Start of Supplied records

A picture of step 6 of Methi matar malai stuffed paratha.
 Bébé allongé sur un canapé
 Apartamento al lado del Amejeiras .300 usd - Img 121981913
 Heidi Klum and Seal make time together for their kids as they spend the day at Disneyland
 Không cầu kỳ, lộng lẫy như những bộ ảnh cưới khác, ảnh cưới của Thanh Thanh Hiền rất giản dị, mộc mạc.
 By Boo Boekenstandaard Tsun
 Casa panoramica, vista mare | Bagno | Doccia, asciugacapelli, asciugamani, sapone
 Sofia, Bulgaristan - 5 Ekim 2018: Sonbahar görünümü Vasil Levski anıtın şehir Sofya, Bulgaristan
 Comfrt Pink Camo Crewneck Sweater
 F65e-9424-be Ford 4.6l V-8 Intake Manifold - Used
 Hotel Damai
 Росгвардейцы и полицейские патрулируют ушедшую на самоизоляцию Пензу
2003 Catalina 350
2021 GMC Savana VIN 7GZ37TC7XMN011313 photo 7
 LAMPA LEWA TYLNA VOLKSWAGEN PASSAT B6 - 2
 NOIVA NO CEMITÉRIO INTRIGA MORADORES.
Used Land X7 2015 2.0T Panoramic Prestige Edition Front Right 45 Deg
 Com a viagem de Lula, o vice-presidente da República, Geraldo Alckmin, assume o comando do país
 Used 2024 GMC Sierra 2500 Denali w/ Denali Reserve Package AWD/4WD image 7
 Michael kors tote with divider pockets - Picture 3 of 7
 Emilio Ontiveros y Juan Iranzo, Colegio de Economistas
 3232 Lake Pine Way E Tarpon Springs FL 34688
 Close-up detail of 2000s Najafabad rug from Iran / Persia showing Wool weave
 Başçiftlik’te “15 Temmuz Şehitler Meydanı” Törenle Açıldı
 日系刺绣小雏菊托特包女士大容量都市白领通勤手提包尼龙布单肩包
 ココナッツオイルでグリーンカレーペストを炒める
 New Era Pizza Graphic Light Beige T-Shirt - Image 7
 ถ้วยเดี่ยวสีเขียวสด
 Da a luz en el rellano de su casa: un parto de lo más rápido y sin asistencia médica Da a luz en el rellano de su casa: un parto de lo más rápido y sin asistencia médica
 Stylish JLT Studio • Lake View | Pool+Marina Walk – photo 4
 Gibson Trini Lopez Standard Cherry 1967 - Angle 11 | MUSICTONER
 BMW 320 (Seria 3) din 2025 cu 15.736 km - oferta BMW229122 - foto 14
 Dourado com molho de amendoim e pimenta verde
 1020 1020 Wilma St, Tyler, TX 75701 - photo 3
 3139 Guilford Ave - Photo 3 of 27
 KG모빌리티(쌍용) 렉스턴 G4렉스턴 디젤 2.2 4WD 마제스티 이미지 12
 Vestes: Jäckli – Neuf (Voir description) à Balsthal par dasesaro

End of Supplied records

**What is needed**
Using the records above, copy exactly the lines from the one containing "3139 Guilford Ave - Photo 3 of 27" through the last, inclusive, and nothing else.

**Answer to the problem**
 3139 Guilford Ave - Photo 3 of 27
 KG모빌리티(쌍용) 렉스턴 G4렉스턴 디젤 2.2 4WD 마제스티 이미지 12
 Vestes: Jäckli – Neuf (Voir description) à Balsthal par dasesaro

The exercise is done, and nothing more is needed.